Required action ::
The required output is the stretch from the line containing "Pair of Ava" through the line containing "5TDDK3DC2FS115156 2015 TOYOTA" in the records below, unaltered and with no pictures.
*** Opening of Information supplied ***
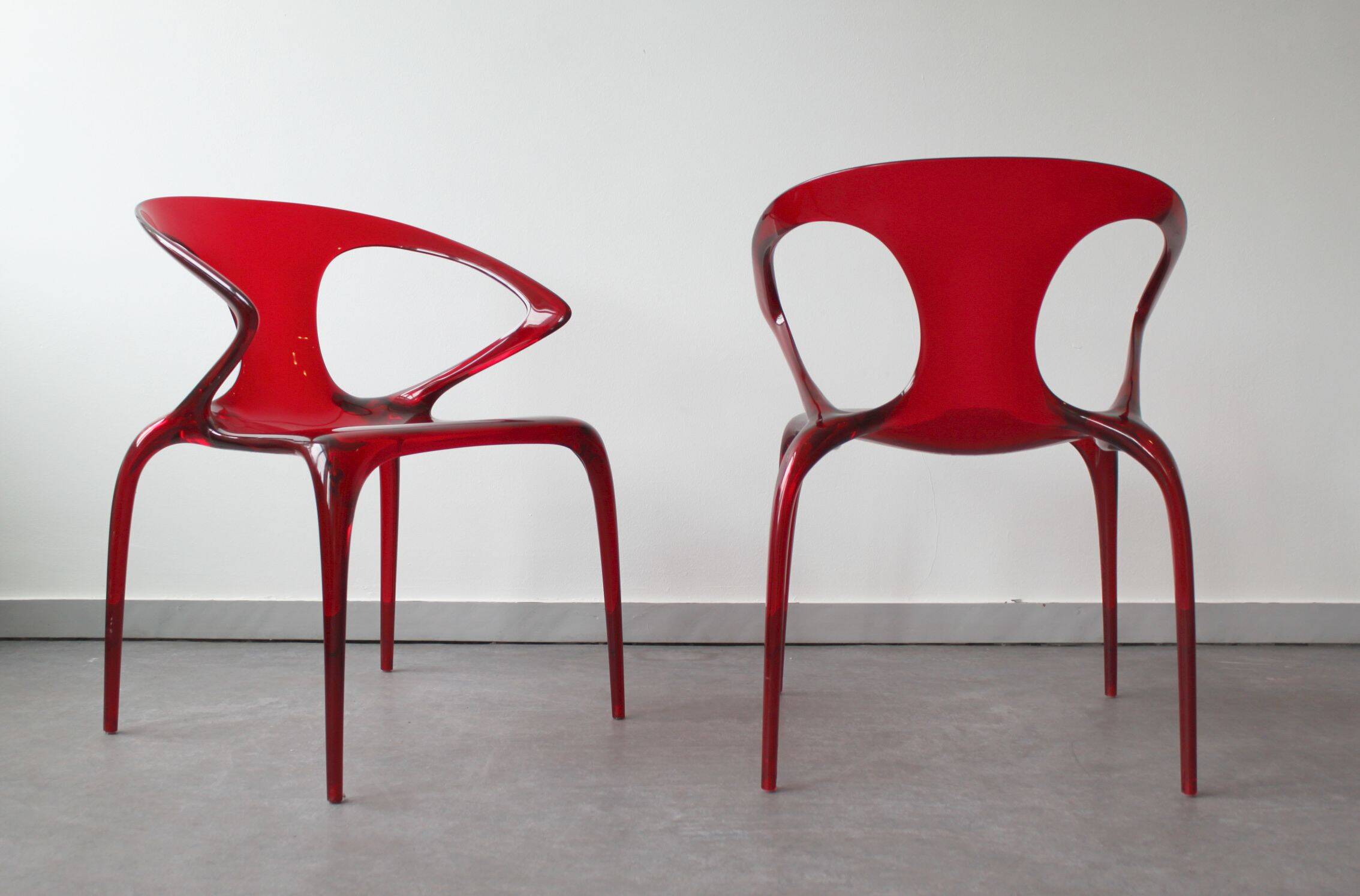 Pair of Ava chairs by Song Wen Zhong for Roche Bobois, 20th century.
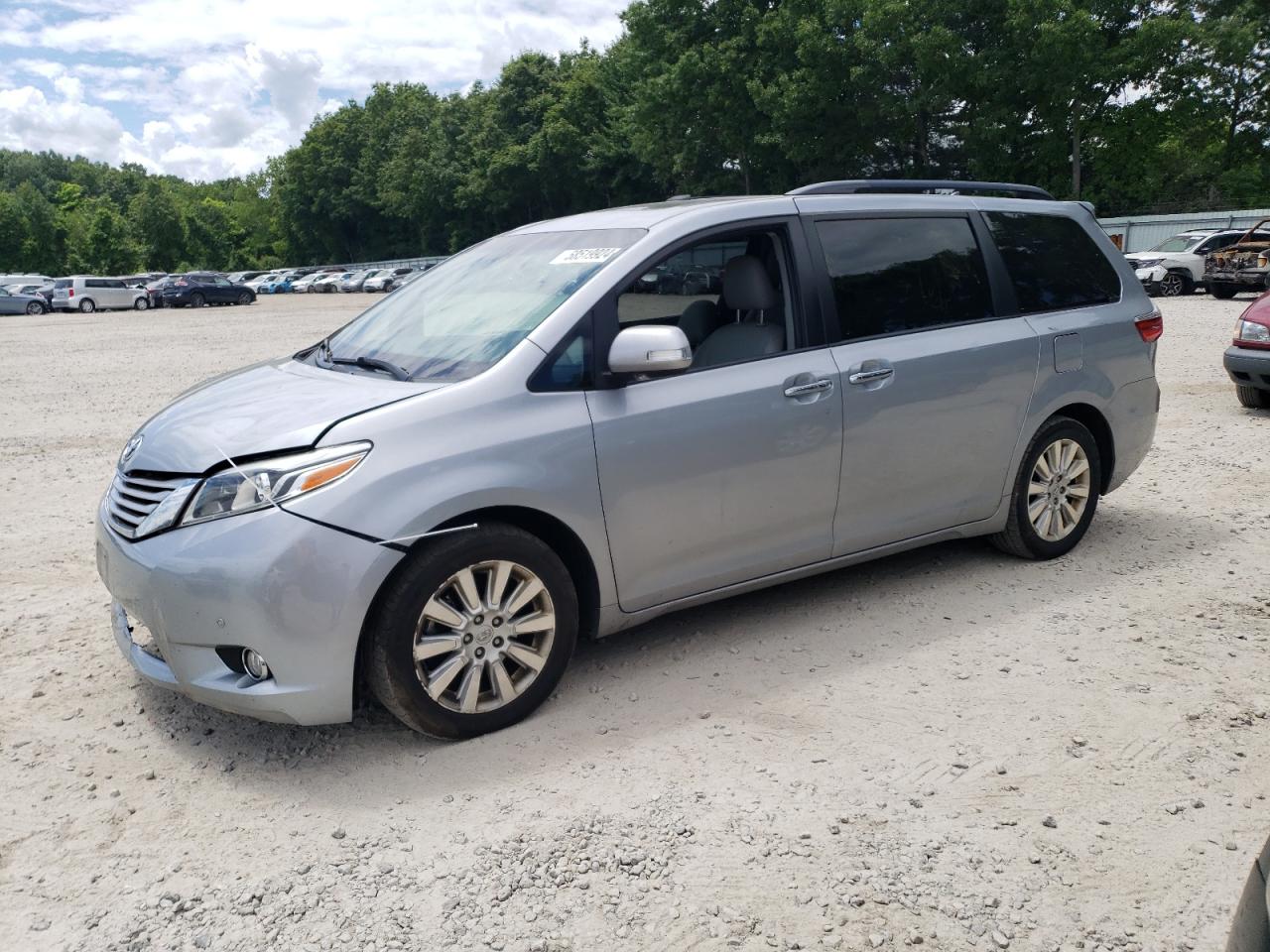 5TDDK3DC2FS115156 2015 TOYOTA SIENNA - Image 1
*** Close of Information supplied ***
*** Opening of Information supplied ***
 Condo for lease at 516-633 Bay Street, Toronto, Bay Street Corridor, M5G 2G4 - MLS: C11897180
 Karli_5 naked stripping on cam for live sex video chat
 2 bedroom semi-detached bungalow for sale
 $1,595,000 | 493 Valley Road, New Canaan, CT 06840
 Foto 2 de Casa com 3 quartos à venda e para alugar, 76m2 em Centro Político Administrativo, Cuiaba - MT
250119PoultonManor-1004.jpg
*** Close of Information supplied ***
*** Opening of Information supplied ***
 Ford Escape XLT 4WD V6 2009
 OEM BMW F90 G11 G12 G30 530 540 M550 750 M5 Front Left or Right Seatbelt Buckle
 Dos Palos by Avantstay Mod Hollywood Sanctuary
*** Close of Information supplied ***
Response ::
 Pair of Ava chairs by Song Wen Zhong for Roche Bobois, 20th century.
 5TDDK3DC2FS115156 2015 TOYOTA SIENNA - Image 1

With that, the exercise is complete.